THE TASK: What you output should match the data below exactly.

DATA UNDER STUDY:
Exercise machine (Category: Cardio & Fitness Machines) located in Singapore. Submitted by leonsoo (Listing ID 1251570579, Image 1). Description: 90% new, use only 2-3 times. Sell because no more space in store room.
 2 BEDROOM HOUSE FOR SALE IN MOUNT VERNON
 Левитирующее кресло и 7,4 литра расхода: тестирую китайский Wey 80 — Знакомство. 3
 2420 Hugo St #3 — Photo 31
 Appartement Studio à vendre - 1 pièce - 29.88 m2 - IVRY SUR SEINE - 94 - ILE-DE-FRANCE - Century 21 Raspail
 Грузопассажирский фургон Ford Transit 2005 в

EXPECTED ANSWER:
Exercise machine (Category: Cardio & Fitness Machines) located in Singapore. Submitted by leonsoo (Listing ID 1251570579, Image 1). Description: 90% new, use only 2-3 times. Sell because no more space in store room.
 2 BEDROOM HOUSE FOR SALE IN MOUNT VERNON
 Левитирующее кресло и 7,4 литра расхода: тестирую китайский Wey 80 — Знакомство. 3
 2420 Hugo St #3 — Photo 31
 Appartement Studio à vendre - 1 pièce - 29.88 m2 - IVRY SUR SEINE - 94 - ILE-DE-FRANCE - Century 21 Raspail
 Грузопассажирский фургон Ford Transit 2005 в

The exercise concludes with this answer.